In an interview with Matthew Cornell on the Matt's Idea Blog, Hurst noted: "Five, ten or twenty years from now, the bits will increase exponentially: email, web, phones and PDAs. Without proper training, users everywhere will face an increasingly urgent problem of overload. Now is the moment to learn bit literacy. It's like getting in shape on a slow-moving treadmill before it speeds up to a sprinting pace."
Bit Literacy takes the how-to approach one step farther by offering an entirely new way of attaining productivity. In his interview with Rosenfeld, the author commented: "The customer experience will be increasingly holistic, made up of many more different interfaces and devices. The only constant in all this change will be the bit. The technology customer experience for the next ten years will be defined by the bit: its inherent properties, its seepage into all areas of life, its increasing numbers, and people's ability to engage all of that. I have developed a new perspective that allows people to engage and thrive within the bits: it's called ‘bit literacy.’"

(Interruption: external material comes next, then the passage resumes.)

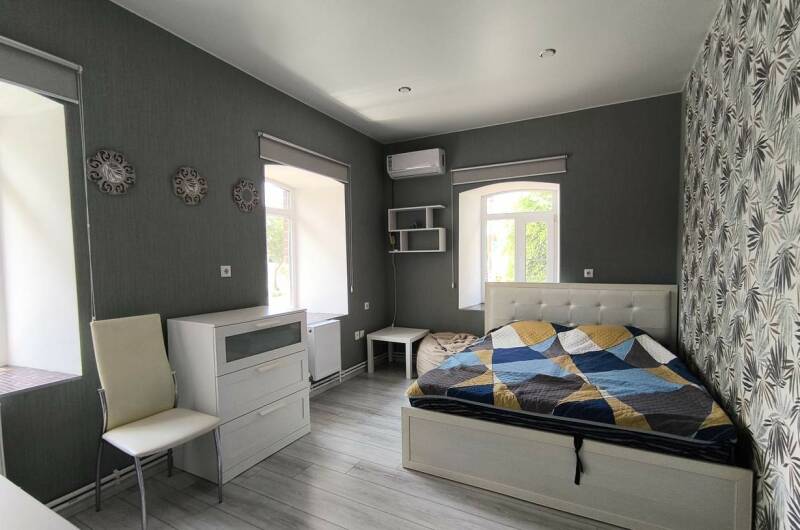 Дом без хозяев на набережной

The author offers his advice for users who have various levels of expertise and in a way so that readers can start implementing his advice immediately. In his guide to working more productively in the digital age, Hurst begins by providing an overall context of the digital age, providing an overview of the influx of digital information, the people who use such information, and the potential solution to the problems of managing these various sources of digital information. In the second part of the book, he focuses on practical advice, from managing incoming e-mail and to-do lists to naming and storing files. He also discusses other essentials to good management in the digital age and discusses the future of bit literacy.

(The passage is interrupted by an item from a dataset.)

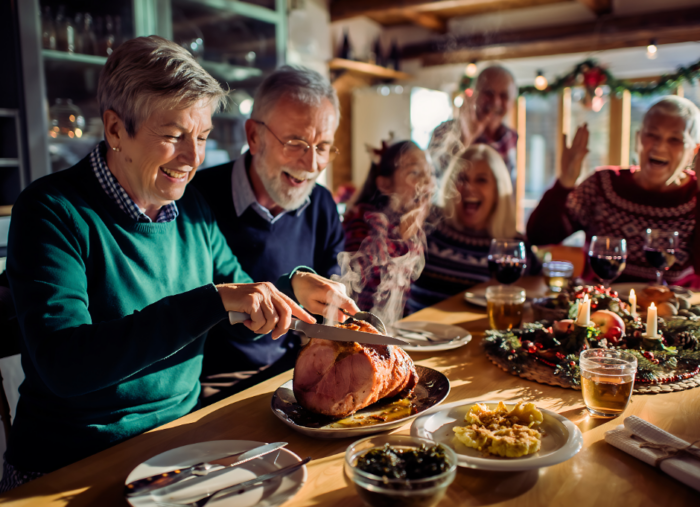 How to Talk Money With Your Family Over The Holidays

"Today, it's harder and harder to be done. Just as we answer one email, two more come in," the author explained to Cornell. "Just as we finish one project, we are reminded that another is behind schedule. We only partially listen to the music or watch the video which is downloaded, because we're too busy downloading another to put in the queue. Bit literacy grants the possibility of being done not just occasionally, but on a regular basis in order to work more productively and enjoy a fuller life outside of work."
Writing a review of Bit Literacy on the Mark Bernstein Web site, Bernstein noted that many of the author's concerns may not apply to everyone who deals with e-mail or other electronic devices. However, Bernstein goes on to write that the author "has good ideas about ToDo lists" and that "the book makes an interesting if tangentially-argued case for giving an email account to your software applications."
BIOGRAPHICAL AND CRITICAL SOURCES:
Choice, October, 2007, R.F. Conklin, review of Bit Literacy: Productivity in the Age of E-mail and Information Overload, p. 318
ACIA,http://argus-acia.com/ (August 30, 2000), Lou Rosenfeld, author interview.
Bit Literacy Web site,http://bitliteracy.com (April 15, 2008).
Mark Bernstein Web site,http://markbernstein.org/ (April 23, 2007), Mark Bernstein, review of Bit Literacy.
Matt's Idea Blog,http://ideamatt.blogspot.com/ (January 23, 2008), Matthew Cornell, author interview.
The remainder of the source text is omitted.